* [Data]:
....
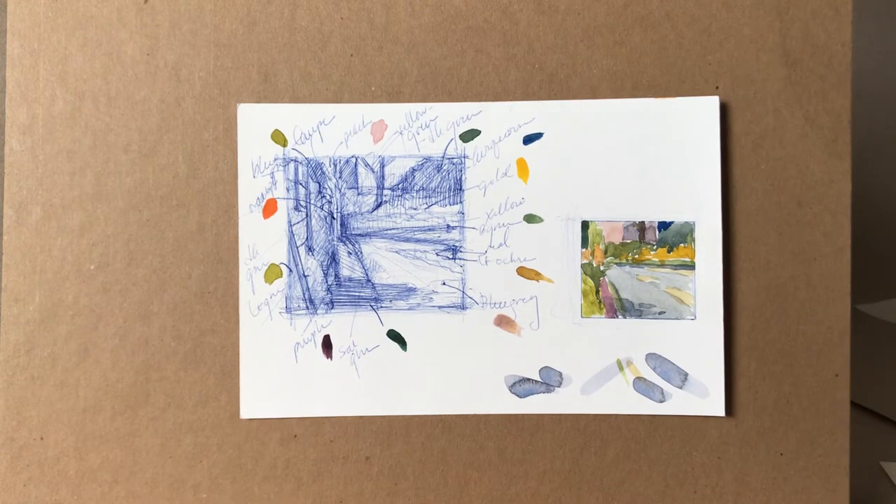Once you've practiced a limited palette, it's actually really fun to just go out into the field outdoors with a very limited number of colors. You've already sort of seen what their potential is if you've practiced the color wheels and practiced what the neutrals might be. So going out with just a yellow, a red, and a blue.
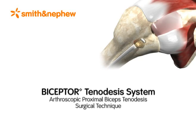The Smith & Nephew Biceptor Tenodesis System was created to provide a simplified procedure for biceps tenodesis. The Biceptor Tenodesis System does not require whip stitching the tendon, which means fewer steps for an all arthroscopic repair. The result is a strong repair featuring the Biosure PK Interference Screw.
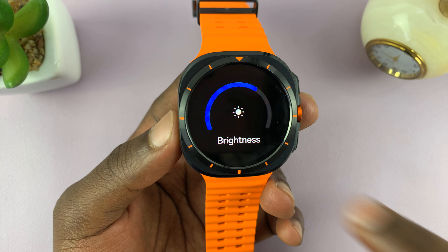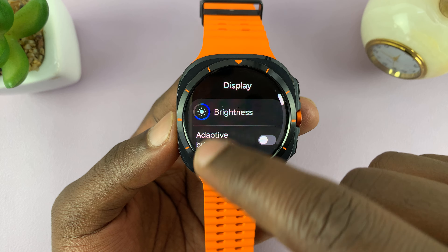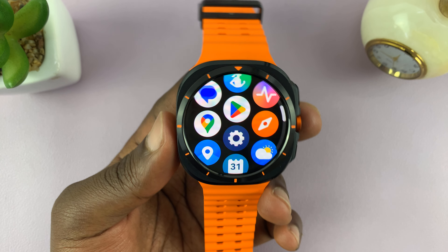That is basically how to change or adjust the brightness of your Samsung Galaxy Watch Ultra.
....
* [What you need to do]:
Exactly the lines from the one containing "The Smith &" through the end of the data above: repeat those, both ends included, and nothing else. Skip the pictures.

* [Response to the task]:
The Smith & Nephew Biceptor Tenodesis System was created to provide a simplified procedure for biceps tenodesis. The Biceptor Tenodesis System does not require whip stitching the tendon, which means fewer steps for an all arthroscopic repair. The result is a strong repair featuring the Biosure PK Interference Screw.
That is basically how to change or adjust the brightness of your Samsung Galaxy Watch Ultra.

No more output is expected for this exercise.